**Available records**
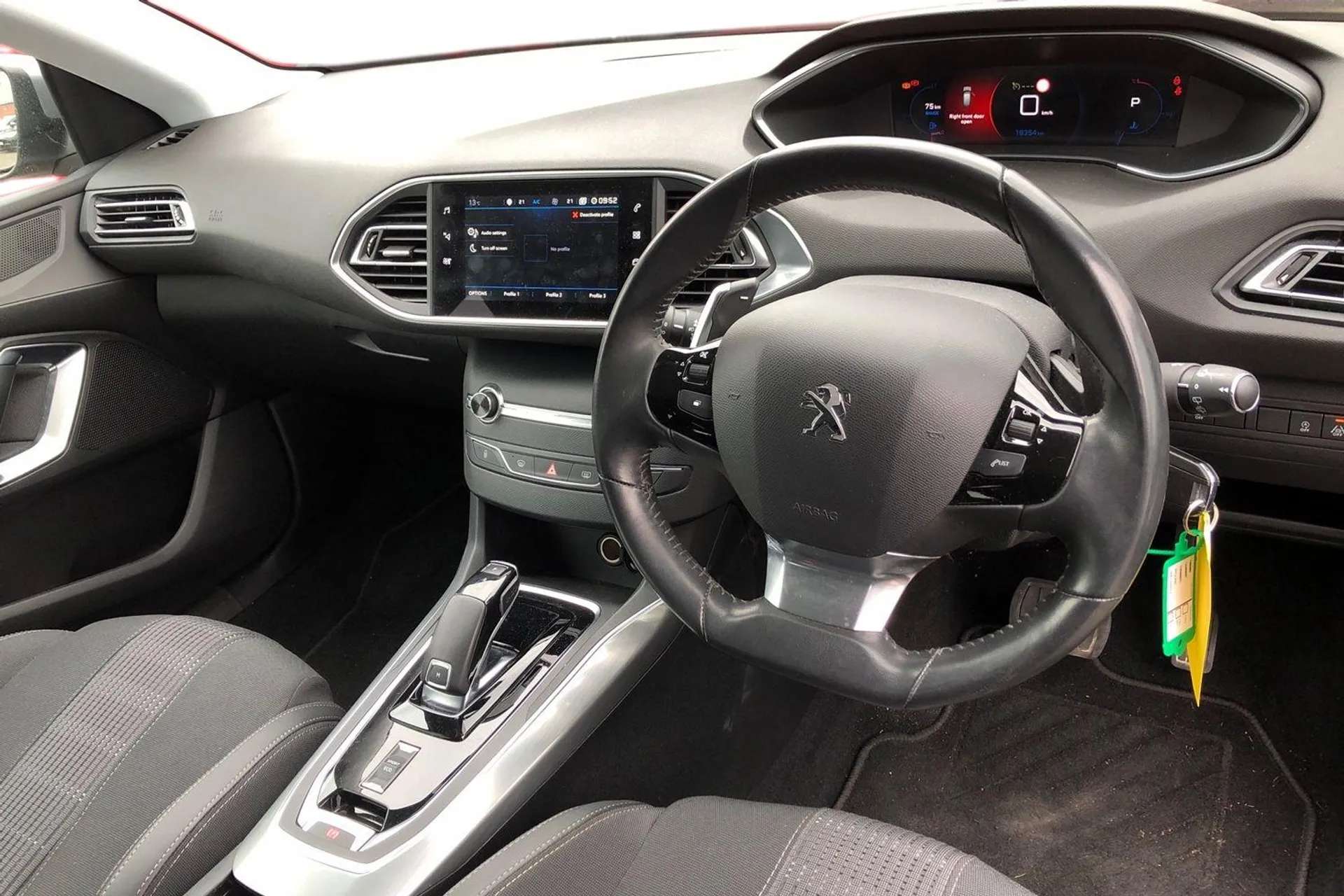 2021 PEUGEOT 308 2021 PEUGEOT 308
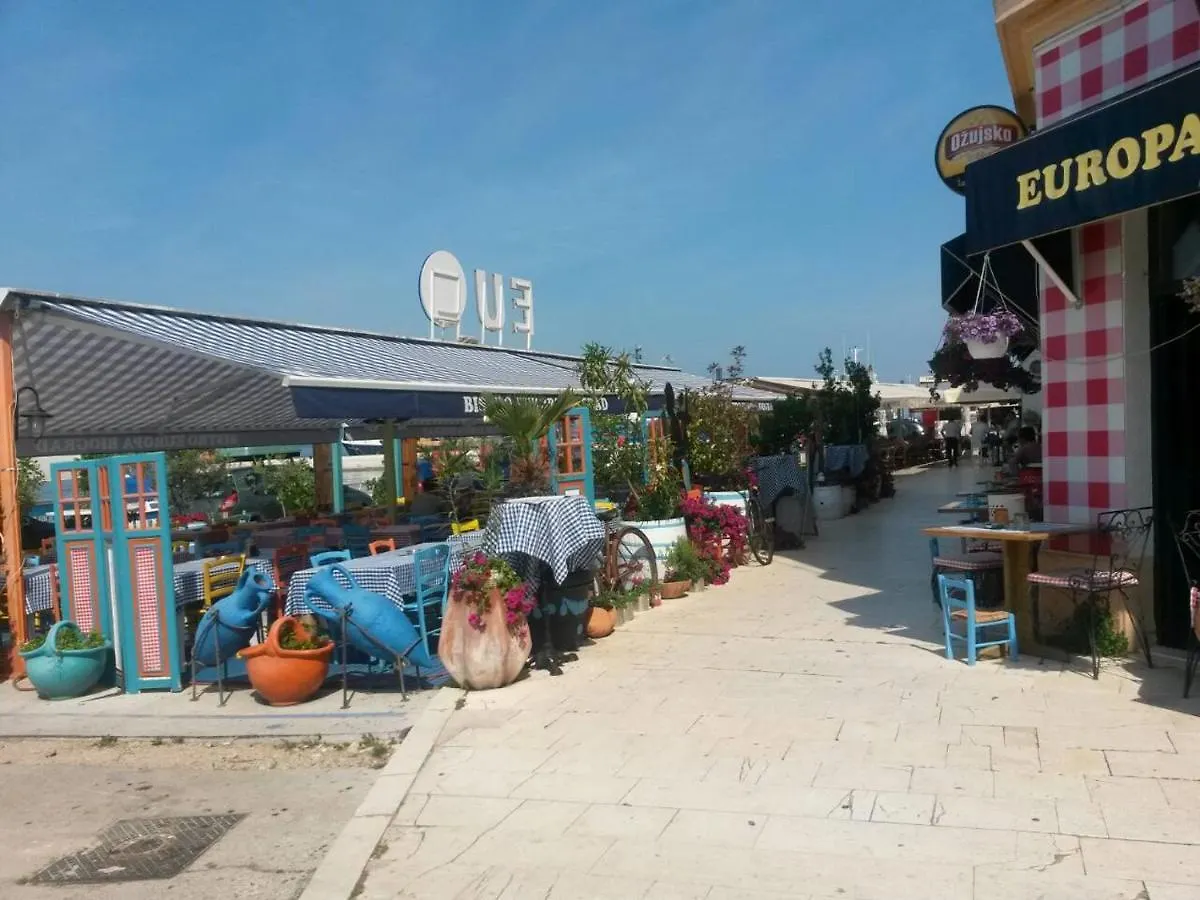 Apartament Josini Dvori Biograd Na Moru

* * *

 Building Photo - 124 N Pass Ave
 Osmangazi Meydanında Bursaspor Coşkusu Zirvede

**The task**
Copy only the lines above from the one containing "2021 PEUGEOT 308 2021 PEUGEOT 308" through the one containing "Apartament Josini Dvori Biograd Na Moru", both included. Leave out the pictures.

**Answer box**
 2021 PEUGEOT 308 2021 PEUGEOT 308
 Apartament Josini Dvori Biograd Na Moru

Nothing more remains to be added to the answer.